Suppose your cars are moving, you can try to evaluate the ground plane (road).
You can get an estimate of the ground descent plan by extracting functions (SURF, not SIFT, for speed), matching them over pairs of pairs and solving for homography using RANSAC, since the plane in 3d moves in accordance with the homography between the two camera frames.
Once you have a ground plane, you can identify cars by looking at clusters of pixels that do not move according to the estimated homography.
A more sophisticated approach would be to make Structure from Motion on the ground. It only assumes that it is stiff, and not that it is flat.
Update
I was wondering, can you talk about how you are going to look for clusters of pixels that do not move according to the homography score?
Sure.

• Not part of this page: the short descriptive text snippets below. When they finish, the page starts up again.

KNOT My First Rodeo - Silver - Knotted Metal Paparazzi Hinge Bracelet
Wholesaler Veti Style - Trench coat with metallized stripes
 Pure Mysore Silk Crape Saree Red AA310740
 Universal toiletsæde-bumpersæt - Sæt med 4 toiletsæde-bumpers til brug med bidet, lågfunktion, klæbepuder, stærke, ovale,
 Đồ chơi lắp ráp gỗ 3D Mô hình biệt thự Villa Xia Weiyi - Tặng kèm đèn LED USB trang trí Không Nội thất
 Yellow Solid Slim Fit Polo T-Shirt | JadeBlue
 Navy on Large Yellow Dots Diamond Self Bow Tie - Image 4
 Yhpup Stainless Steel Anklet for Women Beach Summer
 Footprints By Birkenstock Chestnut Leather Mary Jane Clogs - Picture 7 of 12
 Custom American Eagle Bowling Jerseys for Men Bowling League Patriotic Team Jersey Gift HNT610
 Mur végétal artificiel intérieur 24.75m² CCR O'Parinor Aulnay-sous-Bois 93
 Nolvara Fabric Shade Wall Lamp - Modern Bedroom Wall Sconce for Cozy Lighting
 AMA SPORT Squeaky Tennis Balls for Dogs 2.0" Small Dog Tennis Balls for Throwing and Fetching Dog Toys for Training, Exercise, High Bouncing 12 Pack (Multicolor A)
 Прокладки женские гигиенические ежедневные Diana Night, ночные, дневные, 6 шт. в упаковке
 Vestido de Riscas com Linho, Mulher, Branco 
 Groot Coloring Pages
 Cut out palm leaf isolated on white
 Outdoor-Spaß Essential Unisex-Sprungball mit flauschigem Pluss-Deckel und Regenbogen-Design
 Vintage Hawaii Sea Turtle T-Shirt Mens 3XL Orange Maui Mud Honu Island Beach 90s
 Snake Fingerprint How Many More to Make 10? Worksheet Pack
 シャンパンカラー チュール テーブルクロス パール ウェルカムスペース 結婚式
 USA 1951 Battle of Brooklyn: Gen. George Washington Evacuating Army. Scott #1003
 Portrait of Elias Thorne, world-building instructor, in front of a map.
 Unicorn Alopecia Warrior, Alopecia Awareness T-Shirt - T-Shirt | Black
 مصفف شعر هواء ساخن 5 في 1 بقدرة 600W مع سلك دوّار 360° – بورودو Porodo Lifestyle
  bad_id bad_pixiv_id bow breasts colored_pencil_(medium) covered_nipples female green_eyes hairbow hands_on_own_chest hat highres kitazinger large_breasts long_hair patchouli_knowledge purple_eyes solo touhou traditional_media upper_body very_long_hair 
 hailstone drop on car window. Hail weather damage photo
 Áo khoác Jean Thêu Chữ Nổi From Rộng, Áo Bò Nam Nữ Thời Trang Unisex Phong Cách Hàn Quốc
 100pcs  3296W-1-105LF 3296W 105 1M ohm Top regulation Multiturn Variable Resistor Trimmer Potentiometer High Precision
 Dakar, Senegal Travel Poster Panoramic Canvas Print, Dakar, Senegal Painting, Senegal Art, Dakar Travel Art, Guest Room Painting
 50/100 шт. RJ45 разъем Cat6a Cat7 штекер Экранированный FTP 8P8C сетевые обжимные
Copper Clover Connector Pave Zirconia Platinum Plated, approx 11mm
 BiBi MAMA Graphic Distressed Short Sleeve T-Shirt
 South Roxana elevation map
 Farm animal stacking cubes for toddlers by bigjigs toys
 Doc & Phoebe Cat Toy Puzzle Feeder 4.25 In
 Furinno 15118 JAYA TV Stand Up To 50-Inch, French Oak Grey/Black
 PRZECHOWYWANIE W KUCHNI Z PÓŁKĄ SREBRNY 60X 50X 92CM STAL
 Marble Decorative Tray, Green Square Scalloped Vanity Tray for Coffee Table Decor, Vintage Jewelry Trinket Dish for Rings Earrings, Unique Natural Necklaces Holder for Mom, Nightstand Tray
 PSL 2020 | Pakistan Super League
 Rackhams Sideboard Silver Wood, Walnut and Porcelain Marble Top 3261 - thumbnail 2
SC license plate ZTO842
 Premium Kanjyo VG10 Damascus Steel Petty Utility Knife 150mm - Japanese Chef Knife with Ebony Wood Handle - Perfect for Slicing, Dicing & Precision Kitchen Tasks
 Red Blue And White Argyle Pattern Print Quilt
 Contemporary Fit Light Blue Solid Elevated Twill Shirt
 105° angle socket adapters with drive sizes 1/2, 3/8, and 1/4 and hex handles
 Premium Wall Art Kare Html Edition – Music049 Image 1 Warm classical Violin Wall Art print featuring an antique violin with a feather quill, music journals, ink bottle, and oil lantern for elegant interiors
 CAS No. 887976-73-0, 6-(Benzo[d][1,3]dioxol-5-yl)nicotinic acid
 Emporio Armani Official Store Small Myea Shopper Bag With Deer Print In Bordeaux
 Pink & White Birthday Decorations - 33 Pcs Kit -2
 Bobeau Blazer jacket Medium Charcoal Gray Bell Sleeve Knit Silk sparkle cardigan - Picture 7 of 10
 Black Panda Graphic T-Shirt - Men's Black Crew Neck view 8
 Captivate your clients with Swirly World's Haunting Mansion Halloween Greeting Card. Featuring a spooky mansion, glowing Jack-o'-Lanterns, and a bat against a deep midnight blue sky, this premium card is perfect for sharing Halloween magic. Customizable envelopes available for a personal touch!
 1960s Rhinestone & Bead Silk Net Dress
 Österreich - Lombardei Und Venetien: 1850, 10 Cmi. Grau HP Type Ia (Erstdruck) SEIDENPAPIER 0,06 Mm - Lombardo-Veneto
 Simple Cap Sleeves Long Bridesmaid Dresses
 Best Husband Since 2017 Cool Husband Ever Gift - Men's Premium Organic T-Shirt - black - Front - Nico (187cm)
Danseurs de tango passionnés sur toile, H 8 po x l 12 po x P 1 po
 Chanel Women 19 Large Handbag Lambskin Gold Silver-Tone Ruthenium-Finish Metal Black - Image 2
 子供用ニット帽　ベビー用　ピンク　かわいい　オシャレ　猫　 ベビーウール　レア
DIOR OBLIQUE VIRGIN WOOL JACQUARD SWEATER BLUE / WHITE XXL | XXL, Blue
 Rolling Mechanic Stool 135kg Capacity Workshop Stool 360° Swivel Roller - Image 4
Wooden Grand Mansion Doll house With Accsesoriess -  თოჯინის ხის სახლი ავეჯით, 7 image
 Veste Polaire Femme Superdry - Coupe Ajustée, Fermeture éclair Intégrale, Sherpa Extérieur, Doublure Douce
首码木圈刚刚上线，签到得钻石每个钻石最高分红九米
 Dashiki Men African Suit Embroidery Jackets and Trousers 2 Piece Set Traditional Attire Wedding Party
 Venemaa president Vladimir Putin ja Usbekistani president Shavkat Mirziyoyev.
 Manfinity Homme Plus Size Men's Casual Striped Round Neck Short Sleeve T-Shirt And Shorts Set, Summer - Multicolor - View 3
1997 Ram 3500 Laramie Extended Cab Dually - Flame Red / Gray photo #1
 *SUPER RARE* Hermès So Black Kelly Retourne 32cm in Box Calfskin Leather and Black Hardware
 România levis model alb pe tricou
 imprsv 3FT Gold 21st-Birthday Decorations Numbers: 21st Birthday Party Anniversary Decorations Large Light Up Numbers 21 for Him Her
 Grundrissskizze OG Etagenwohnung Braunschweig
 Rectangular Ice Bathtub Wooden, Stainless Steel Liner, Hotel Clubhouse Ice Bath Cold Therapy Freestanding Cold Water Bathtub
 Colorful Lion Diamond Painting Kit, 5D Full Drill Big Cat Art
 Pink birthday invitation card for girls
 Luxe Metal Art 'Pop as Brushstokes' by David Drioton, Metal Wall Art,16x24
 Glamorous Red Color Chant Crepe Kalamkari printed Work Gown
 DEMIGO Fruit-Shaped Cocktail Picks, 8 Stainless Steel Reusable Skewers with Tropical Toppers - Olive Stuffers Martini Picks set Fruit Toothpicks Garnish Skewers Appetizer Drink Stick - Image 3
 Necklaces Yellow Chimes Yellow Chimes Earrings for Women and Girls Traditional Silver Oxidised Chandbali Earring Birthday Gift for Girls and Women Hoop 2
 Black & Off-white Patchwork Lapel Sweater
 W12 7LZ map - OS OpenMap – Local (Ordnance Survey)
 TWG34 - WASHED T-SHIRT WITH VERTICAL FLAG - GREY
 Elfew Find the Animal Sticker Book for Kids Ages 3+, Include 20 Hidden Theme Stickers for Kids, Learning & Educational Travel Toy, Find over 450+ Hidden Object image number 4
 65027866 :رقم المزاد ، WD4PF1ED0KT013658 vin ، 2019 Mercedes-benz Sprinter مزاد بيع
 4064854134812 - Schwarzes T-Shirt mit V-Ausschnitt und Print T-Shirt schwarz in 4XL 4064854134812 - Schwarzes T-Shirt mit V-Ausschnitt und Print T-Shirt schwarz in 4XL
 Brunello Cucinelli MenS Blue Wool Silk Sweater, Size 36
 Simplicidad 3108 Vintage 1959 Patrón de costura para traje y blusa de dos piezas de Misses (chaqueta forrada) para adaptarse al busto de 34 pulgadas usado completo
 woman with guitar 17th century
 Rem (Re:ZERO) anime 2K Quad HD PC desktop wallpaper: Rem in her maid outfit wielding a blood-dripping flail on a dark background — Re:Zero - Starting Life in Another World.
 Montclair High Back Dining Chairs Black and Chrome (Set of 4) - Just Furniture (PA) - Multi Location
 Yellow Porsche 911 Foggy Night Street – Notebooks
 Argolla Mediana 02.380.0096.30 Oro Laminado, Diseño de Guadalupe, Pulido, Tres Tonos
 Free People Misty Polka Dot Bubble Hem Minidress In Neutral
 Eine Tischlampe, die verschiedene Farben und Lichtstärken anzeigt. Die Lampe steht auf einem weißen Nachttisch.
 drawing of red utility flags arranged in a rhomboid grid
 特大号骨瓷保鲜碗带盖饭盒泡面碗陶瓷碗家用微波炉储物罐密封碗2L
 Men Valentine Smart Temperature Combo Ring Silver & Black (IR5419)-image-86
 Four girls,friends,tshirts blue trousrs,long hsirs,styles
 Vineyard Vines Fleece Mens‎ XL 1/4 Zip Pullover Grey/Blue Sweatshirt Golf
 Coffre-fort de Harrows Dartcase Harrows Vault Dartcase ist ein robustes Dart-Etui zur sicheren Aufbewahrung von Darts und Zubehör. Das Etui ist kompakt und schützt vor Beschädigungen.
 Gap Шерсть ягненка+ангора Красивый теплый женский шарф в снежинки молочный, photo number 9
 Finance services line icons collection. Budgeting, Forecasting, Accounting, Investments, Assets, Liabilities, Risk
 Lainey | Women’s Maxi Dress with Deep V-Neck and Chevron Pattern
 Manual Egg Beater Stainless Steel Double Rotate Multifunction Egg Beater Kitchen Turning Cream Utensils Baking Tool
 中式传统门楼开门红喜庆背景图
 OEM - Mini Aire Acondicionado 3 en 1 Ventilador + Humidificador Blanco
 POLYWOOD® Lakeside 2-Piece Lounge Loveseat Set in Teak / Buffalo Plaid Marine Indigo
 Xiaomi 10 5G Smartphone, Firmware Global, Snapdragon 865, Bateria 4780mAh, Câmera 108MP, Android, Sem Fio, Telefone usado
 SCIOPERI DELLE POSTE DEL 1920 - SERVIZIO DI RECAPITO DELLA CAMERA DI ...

Say, I and K are two video frames, and H are the homography mapping functions in I for functions in K First, you deform I to K according to H , that is, you compute the distorted image Iw as Iw( [xy]' )=I( inv(H)[xy]' ) (roughly the Matlab notation). Then you look at the square or absolute image of the difference Diff=(Iw-K)*(Iw-K) . The content of the image, which moves in accordance with the homography H , should give slight differences (subject to constant illumination and exposure between images). An image that violates H , for example, moving vehicles, should be allocated.
For clustering groups of pixels with a high level of errors in Diff I would start with a simple threshold value ("every pixel difference in Diff greater than X matters", possibly using an adaptive threshold). The threshold image can be cleaned by morphological operations (dilatation, erosion) and grouped with connected components. This may be too simplistic, but it is easy to implement for the first attempt, and it should be fast. For something a more bizarre look at Clustering on Wikipedia . An interesting may be the 2D Gaussian model of the mixture ; when you initialize it with the discovery result from the previous frame, it should be pretty fast.
I experimented a bit with the two frames that you provided, and I have to say that I'm a little surprised how well this works. :-) Left image: The difference (color coding) between the two frames that you posted. Correct image: Difference between frames after comparing them with homography. The rest of the differences are clearly moving cars, and they are strong enough for a simple threshold.

Thinking about the approach you are currently using, maybe this is interesting, combining it with my suggestion:
- You can try to study and classify cars in difference image
D instead of the original image. This will mean learning how a moving car looks, and not what a car that can be more reliable looks like. - You can get rid of the expensive window search and run the classifier only in areas
D with a sufficiently high value.
Some additional notes:
- In theory, cars should even stand out if they donβt move, as they are not flat, but given the distance to the scene and the resolution of the camera, this effect may be too subtle.
- You can replace the extraction / reconciliation part of the function of my proposal with Optical Flow , if you wish. This boils down to identifying flow vectors that stick out from the sequential motion of the earth toward the frame. However, it may be subject to emissions in the optical stream. You can also try to get homography from flow vectors.
- This is important: No matter what method you use, once you find the cars in one frame, you should use this information to increase your search for these cars in sequential mode, which gives a higher probability of detection close to the old ones (Kalman filter and etc.). What is tracking!